La crise sanitaire qui s'est imposée depuis mars 2020 a non seulement mis à l'arrêt l'économie du logement mais largement hypothéqué sa relance. Si les consignes du HSCF sont maintenues sans discernement, l'investissement locatif, achat qui repose uniquement sur un choix patrimonial et de placement, et ne constitue pas une réelle nécessité, va largement régresser, au détriment des besoins cruciaux de notre pays en logements.
L'investissement locatif, nécessaire à l'offre d'habitations
Si l'accès à la propriété a été facilité en 2019 et durant les trois années précédentes grâce aux conditions d'emprunt, tout le monde n'a pas les moyens de devenir propriétaire. En 2019, environ 40% des Français étaient locataires. La France manque de logements dans les zones densément peuplées où la demande excède l'offre. Le rôle majeur des investisseurs permet de corriger cette pénurie de logements à louer et les dispositifs mis en place ces dernières années (Pinel), conjugués aux conditions d'emprunt, ont facilité l'émergence de ce segment. Selon le réseau Century 21, 25% des transactions réalisées en 2019 étaient à usage locatif. Les statistiques du réseau ont également révélé que les investisseurs étaient désormais plus jeunes, autour de 35 ans, et qu'ils privilégiaient les zones géographiques à forte demande locative (grandes agglomérations et villes moyennes dynamiques).
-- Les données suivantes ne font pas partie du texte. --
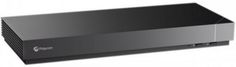 Система для видеоконференций Polycom G7500 EE4-4x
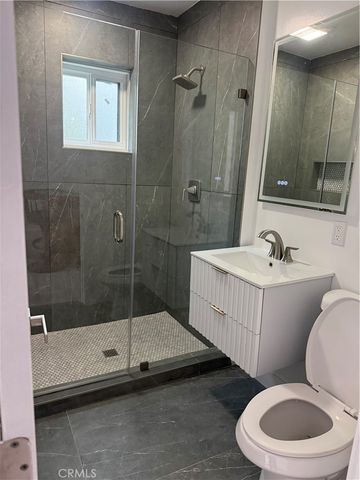 2600 Topanga Skyline, Topanga, CA 90290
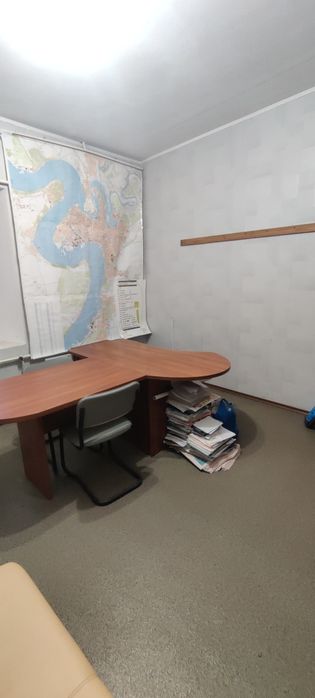 Сдается офис в аренду ул. П. Скоропадского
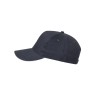 Șapcă unisex MIMAX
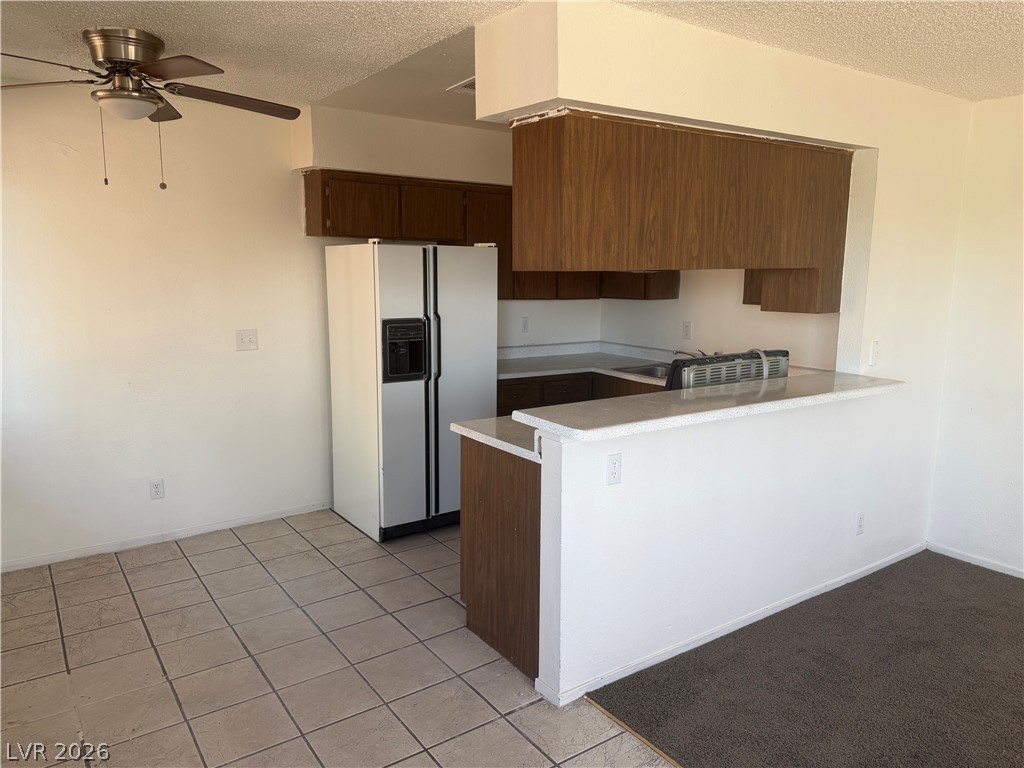 2728 Haddock Avenue Property Photo 2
Le contexte actuel va sans doute modifier les comportements d'achat. La crainte de l'avenir, cimentée par un risque accru de chômage dans les semaines et les mois à venir, va inciter les ménages à thésauriser. Consommation en berne au profit de l'épargne de précaution et pour ceux qui portaient un projet locatif, la peur renforcée des loyers impayés, sentiment légitime en cette période de récession. Les pouvoirs publics doivent donc, plus que jamais, rétablir la confiance des investisseurs, rendus frileux par la crise économique, et empêchés, pour les plus motivés, par les règles d'octroi édictées par le HCSF.
Les courtiers, comme de nombreux acteurs du secteur, ont demandé au régulateur d'amender ces consignes, en particulier le plafond strict des 33% pour le taux d'endettement. Chacun plaide pour une prise en compte du reste à vivre, un paramètre tout aussi fondamental que le taux d'endettement dans l'analyse d'une demande de prêt immobilier. À taux d'effort identique, un ménage à revenus confortables peut s'endetter au-delà de la limite communément admise, tandis qu'un foyer modeste devra rester en-deçà pour conserver un niveau de vie décent. Cela vaut pour les accédants comme pour les investisseurs, et c'est d'autant plus vrai pour les seconds que le bien est générateur de revenus locatifs mensuels dès la livraison.
En attendant le plan de relance de l'immobilier par l'État, il est essentiel que les ménages investisseurs soient actifs au plus vite. Cela passe par une révision des nouvelles conditions d'octroi et par un retour à la méthode de calcul différentiel de l'endettement, plus avantageuse pour les investisseurs, puisqu'elle réduit le taux d'endettement grâce à une meilleure prise en compte de la situation.